▶ **AIM OF THE EXERCISE**:
Return the line containing "1216 Peck Drive" together with every later line up to the end of the records, exactly and with no pictures; return nothing else.

*** Begin section ***

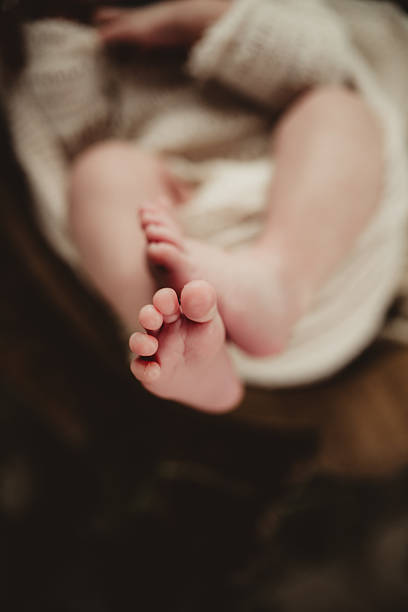 istock Newborn baby feet and toes with copy space 2209104801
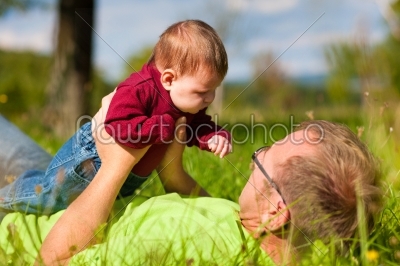 Father playing with baby on meadow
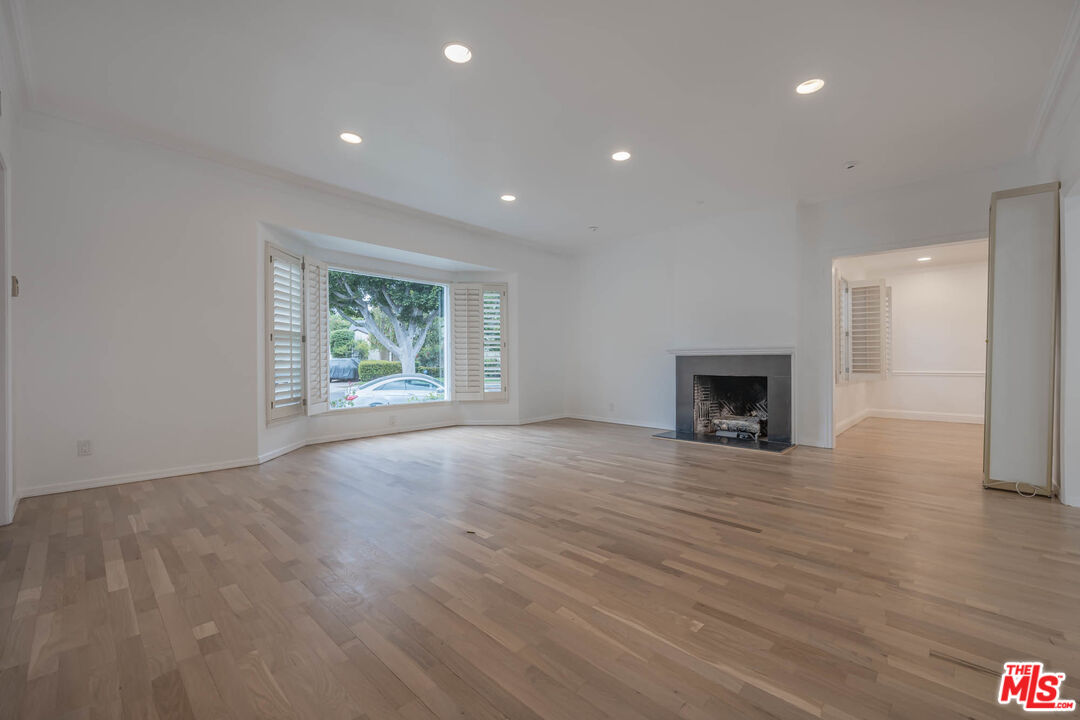1216 Peck Drive Los Angeles, CA 90035 - Photo 4 of 29 a view of an empty room with wooden floor and a window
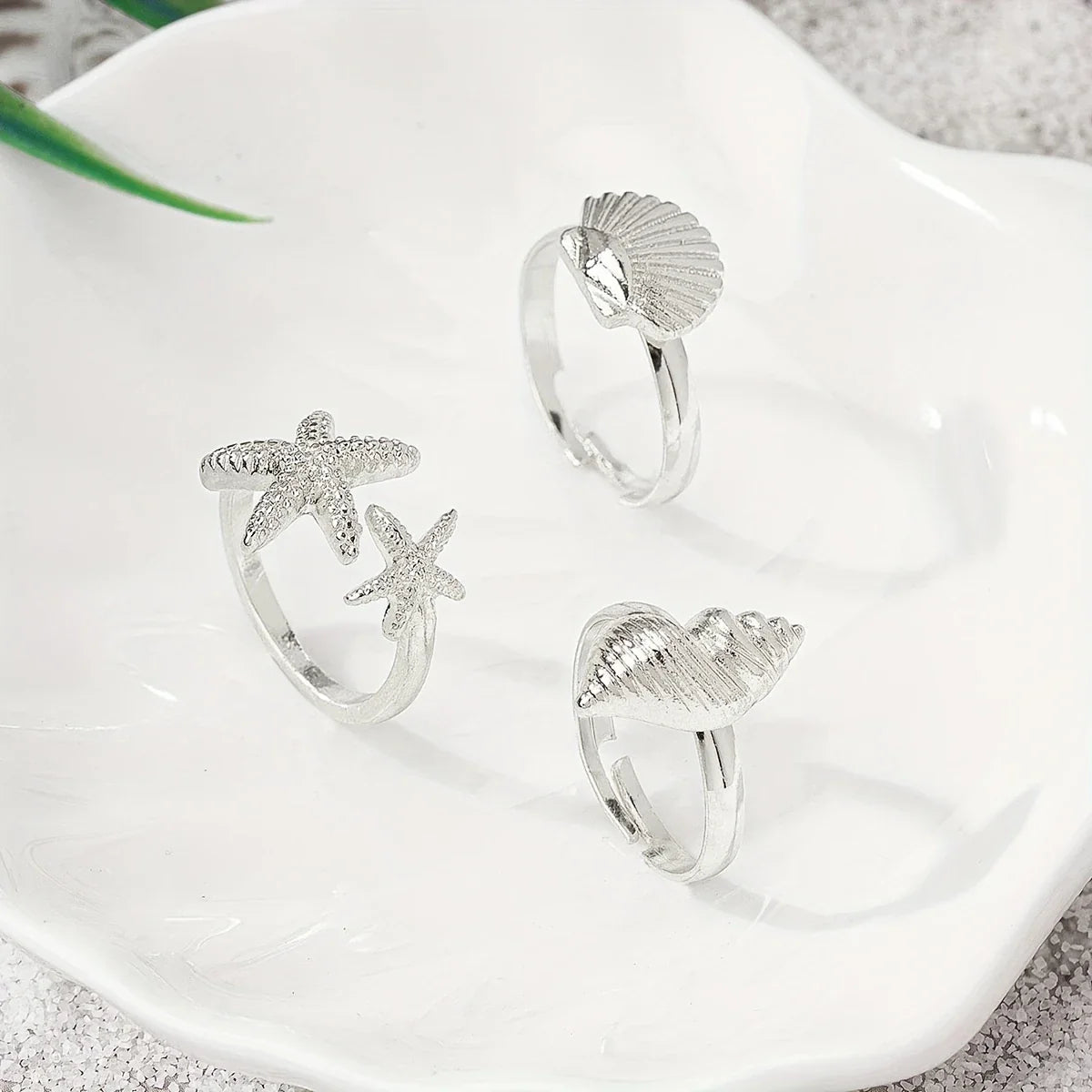 Set of 3 Gold-tone Shell, Star and Conch Rings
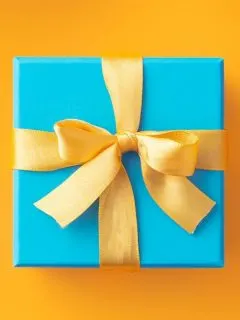blue gift box with a gold bow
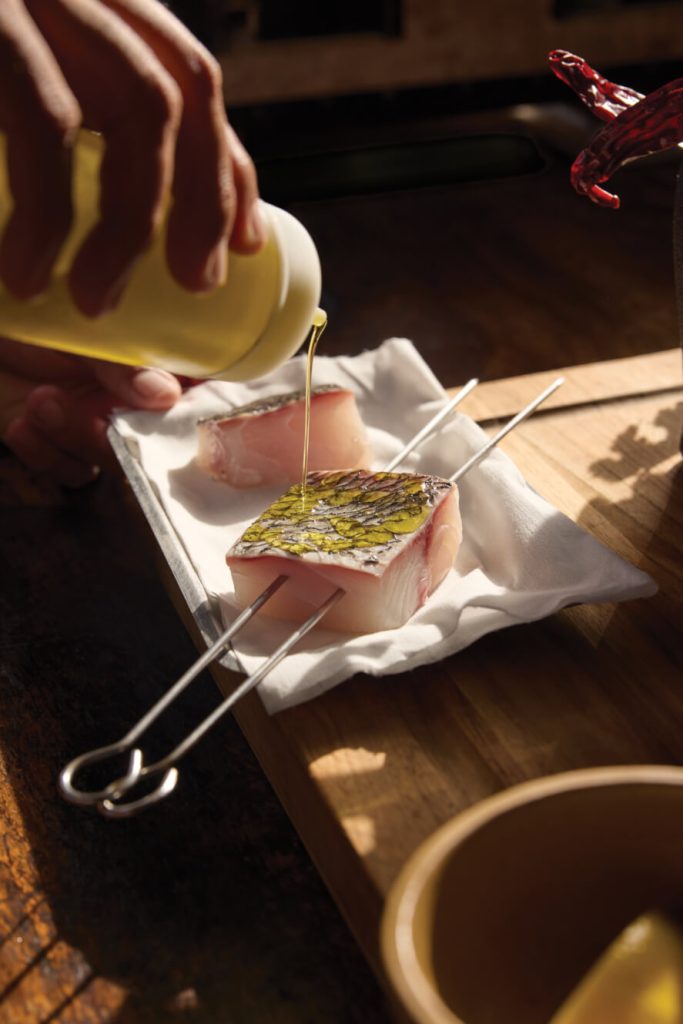 oil being poured onto fish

*** End section ***

▶ **ANSWER TO THE PROBLEM**:
1216 Peck Drive Los Angeles, CA 90035 - Photo 4 of 29 a view of an empty room with wooden floor and a window
 Set of 3 Gold-tone Shell, Star and Conch Rings
blue gift box with a gold bow
 oil being poured onto fish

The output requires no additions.